Date: Sat, 26 Feb 2000 14:15:38 -0800
From: | Eric Armstrong |
eric.armstrong@eng.sun.com Reply-To: unrev-II@onelist.com |
To: | unrev-II@onelist.com |
Subject: | How DKR Penetration Will Be Achieved |
In this post, I'm going to strongly take issue with one of Doug's basic operating assumptions. The investigation, I think, explains why Doug's vitally important ideas have been languishing for so long. It also suggests why that situation is about to change drastically, although not for the reasons that Doug thinks.
To anticipate the conclusion, the reason is the Internet. But understanding how and why the paradigm shift will actually occur is pivotal to knowing how to proceed -- to proceed in any other way is, in essence, to throw yourself at a brick wall and hope that it falls down. If we want to bring that wall down, and we must, then we must use the appropriate tools and target them in the right way...
[This is another "can't help myself" post. I'm too busy to write it, but it's too important to put off.]
In session 8, Doug made two points that are central to his approach:
There are several reasons that prevent this approach from being viable. Chief among them are:
There is another way, however. I suspect it is the *only* way for the desired result to be achieved -- not because that is the way I wish things to be, but because that is how, observation suggests to me, they are.

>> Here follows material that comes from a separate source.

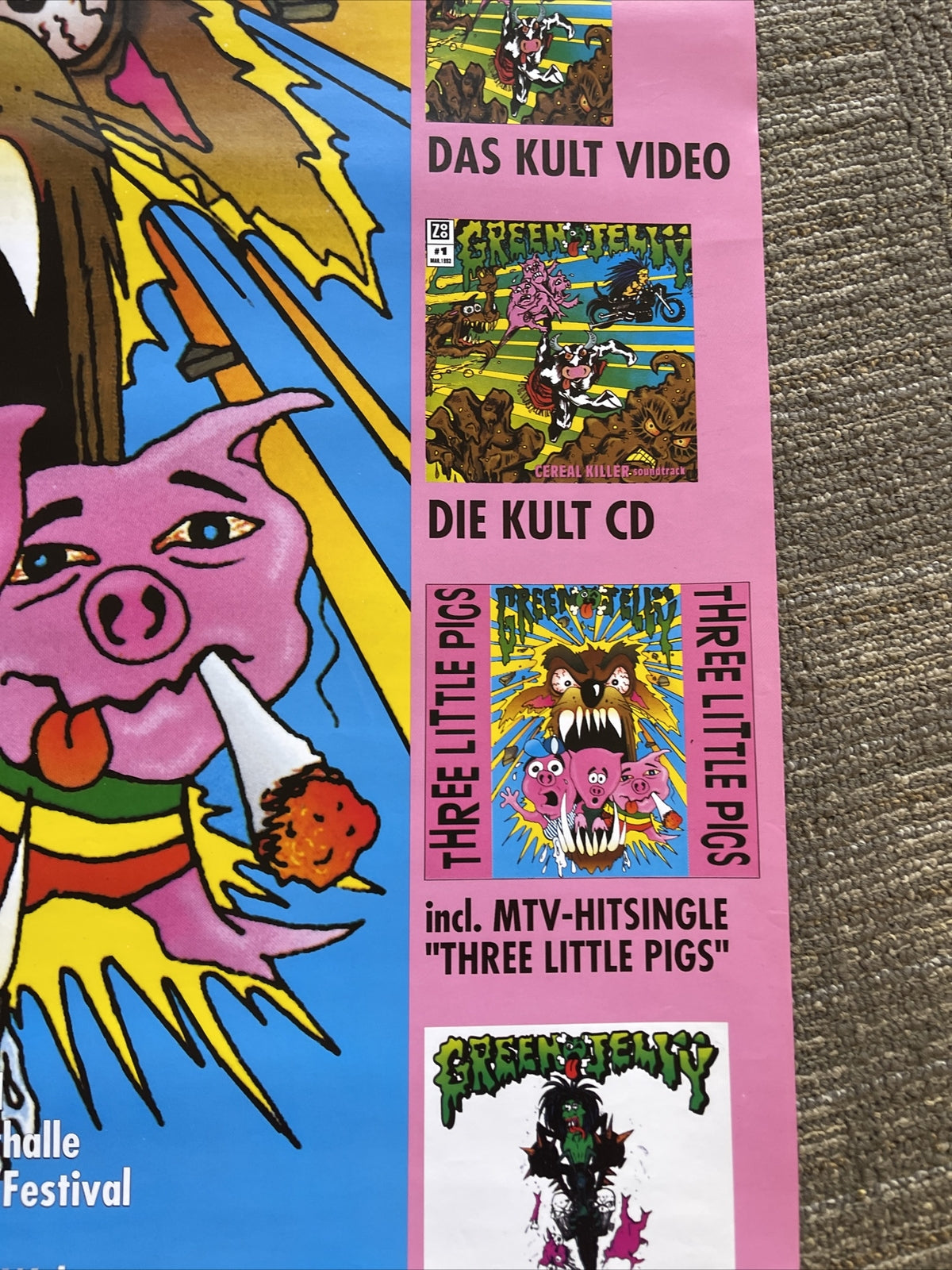#1 1993 3 Little Pigs GREEN JELLY Schweine Your Anarchy In UK Promo Poster 23x335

The bottom line in organizational penetration is that no one is going to care *how* I do what I do until they see spectacular results. Even then, management is likely to be unconcerned about the process -- it is only the results that count. And coworkers, who can be expected to be interested in the process, will only typically be motivated only to the extent that proven success derives from it.
The point then, is that DKR penetration will occur not by showing the process, but by showing results. How can those results be achieved?

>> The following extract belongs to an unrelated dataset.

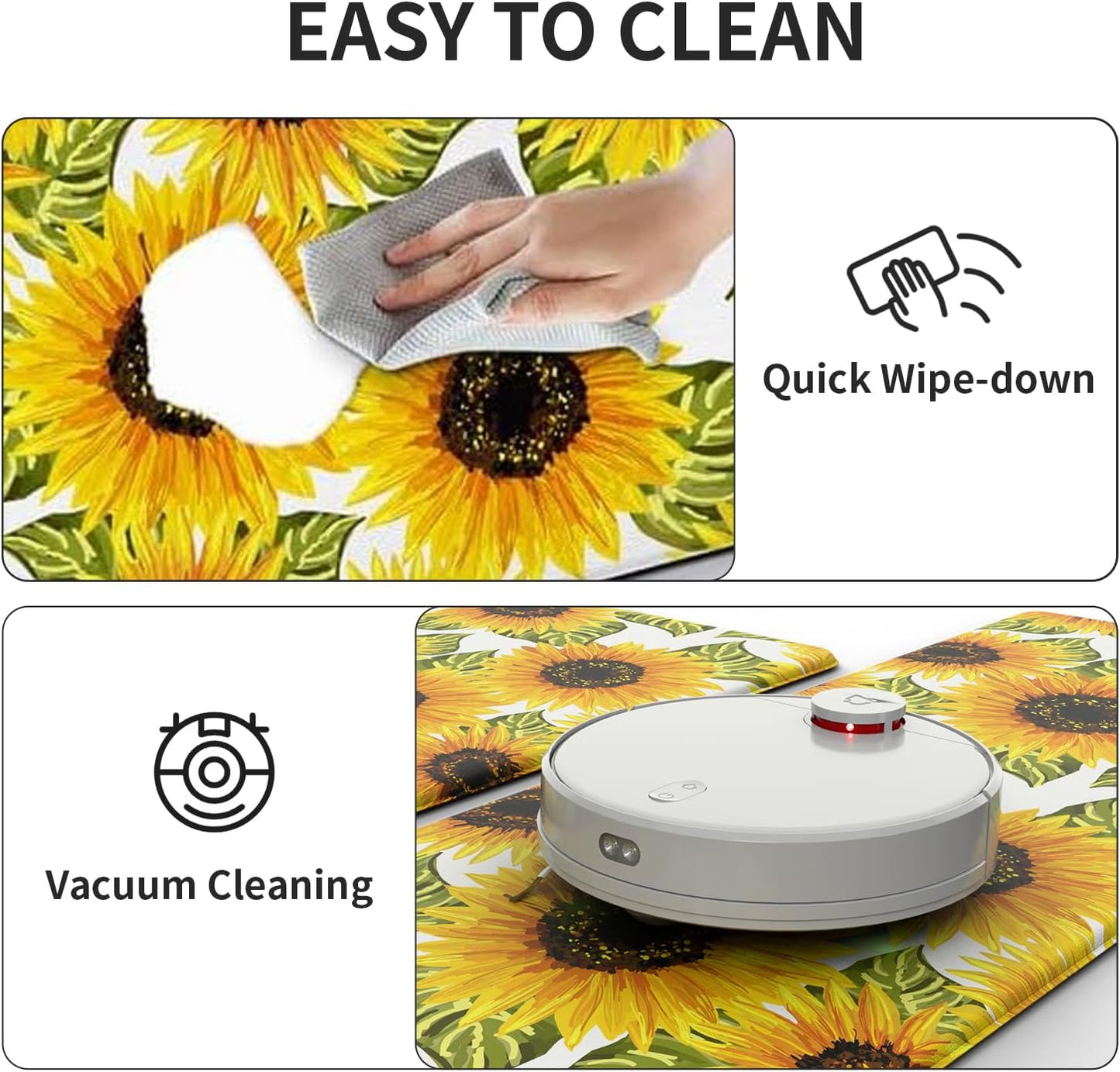 Sunflower Kitchen Mats for Floor - Anti Fatigue Mats for Kitchen Floor, Cushioned Non-Skid Washable Memory Foam Rug for Office, Sink, Laundry (17.3"×47"×0.47")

Those results will be achieved first by *individuals* in an organization who are connected to a DKR that makes them more productive. The internet will make that scenario possible, because it will allow multiple professionals in a given discipline to share the knowledge they need to succeed.
Imagine for a moment that you are participating in the design of an information system, and you have a DKR at your disposal that combines the expertise of professionals all over the world. Imagine in addition that the authoring environment is so superb that you can construct designs in minutes, cite references to the underlying papers, and be educated in new design patterns, all in real time.
How big a role do think you would play in that project? What is the likelihood that you would be credited with much of its success?
The odds are good that you would be perceived as one of the leading designers. Promotion to project lead status would follow rapidly.
Now, you are in charge of your own project. By now one or two others have inquired as to how you do what you do, and you have shown them. Word is spreading.
More importantly, though, you are now in a position to move your whole team onto the DKR. Where before you used the DKR for general design information, now you begin using it for collaborating on the project at hand.
[Note: Use of the DKR for a company project requires a "firewall" of sorts -- the information on your project must not leak out to competitors until the project has borne fruit. But on the day you are free to publish the design concepts, it should only require pushing a button to do so.]
Let's say your project succeeds wildly. Odds are good that it will. More promotions follow. As you and your team members disperse throughout this and other organizations, success and interest in the technology follows. At this point, widespread penetration of the DKR concept is being achieved, not from the top down, but from the bottom up.
It is worth noting here that we are talking about something beyond an Open HyperDocument System. We are talking about a truly dynamic knowledge repository -- something that records principles and case studies, which provides "education on demand" to its users. In short, we are talking about something which produces "collective IQ" by making available to all what is known to each.
As Jim Spohrer pointed out in his Education Object Economy, it is attribution that motivates individual contributions to the DKR. Attribution is the "coin of the realm" here, as it is in academic societies. With a DKR that preserves attributions, therefore, one can expect the volume of contributions to be high.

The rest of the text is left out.